For decades, it’s been common managerial practice to improve results by standardizing products and processes, delivering increased operational efficiency and less risk. Sustaining performance is the responsibility of a management bureaucracy and a top-down command and control structure. Having established this operating model, the focus shifts to continually refining and pruning the operation to extract value from it, guided by readily available internal data. This proven methodology may produce short-term profitability, but it also produces mediocrity, and does not create value or cultivate sustainability

Improving operational efficiency is still a vital, necessary objective, but it is no longer the priority.

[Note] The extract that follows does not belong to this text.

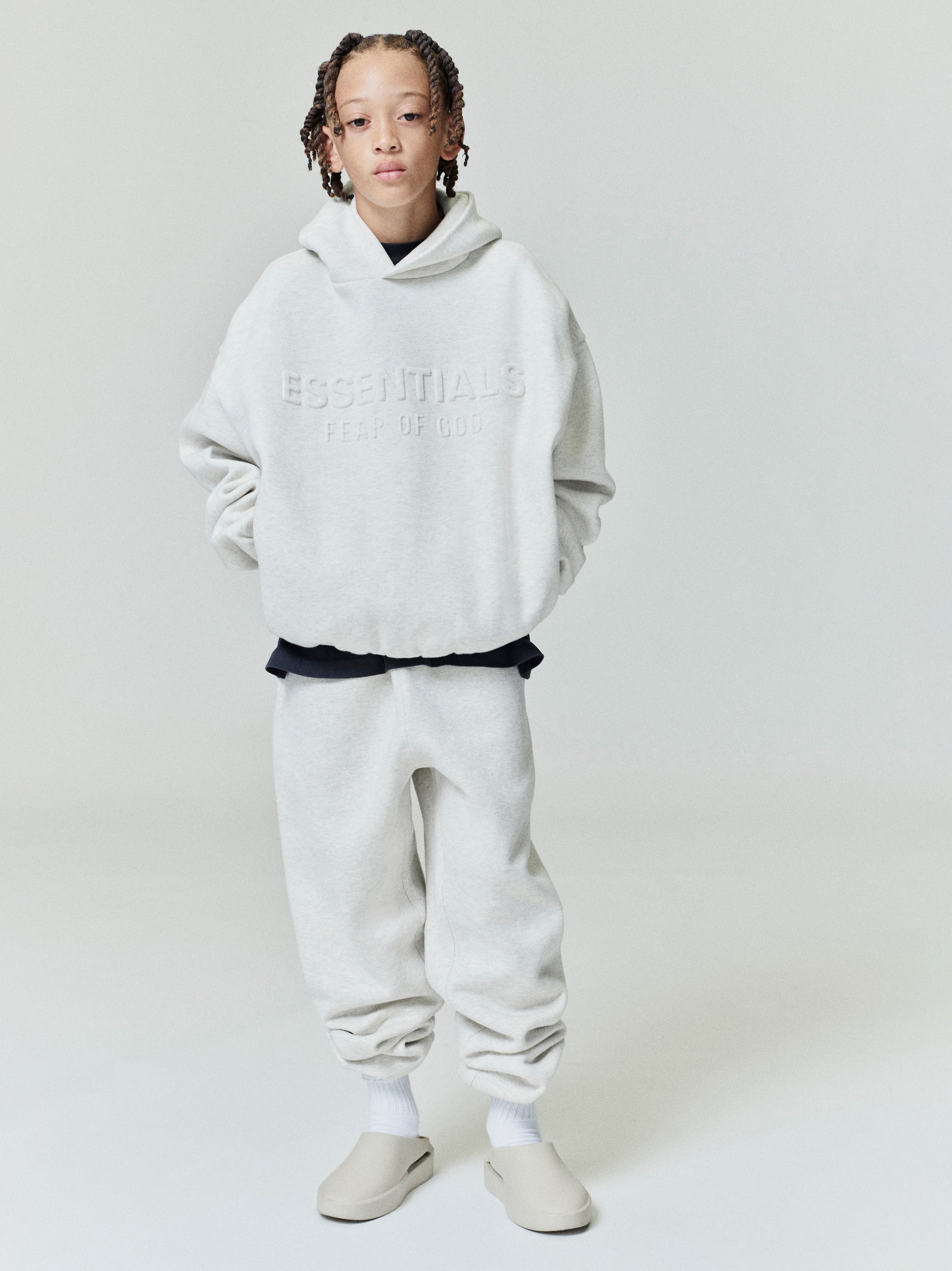 Front view of oatmeal Kids Embossed Classic Hoodie with subtle raised ESSENTIALS Fear of God logo, gallery position 0, file 0001_HO25_K_L76_4065.jpg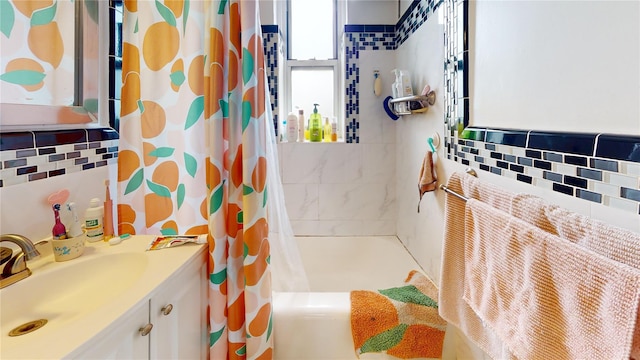 bathroom featuring vanity, shower / bath combo with shower curtain, and decorative backsplash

To create value in today’s economy, leaders get their cues by looking outward, gaining insight by collaborating with customers to accelerate progress and prosperity – just like they did when the business was new and seeking their first customers. And they keep asking questions like these?

  • How can we accelerate decision-making to help our business move faster?
  • How can our organization pursue innovation when all of its systems and procedures are dedicated to preserving the status quo and extracting gains from efficiency?
  • How can we encourage creativity and collaboration when the current operating structure still involves managers telling workers what to do?
  • How can we build trust and transparency when our vertical management structure inherently fosters bureaucracy and non-transparency?
  • How can our business innovate with a dispirited, sometimes disruptive, workforce?

To prosper in today’s economy, companies rely on leaders who can mobilize their people to challenge what is possible, transform values into actions, and create strategic value for customers and the organization.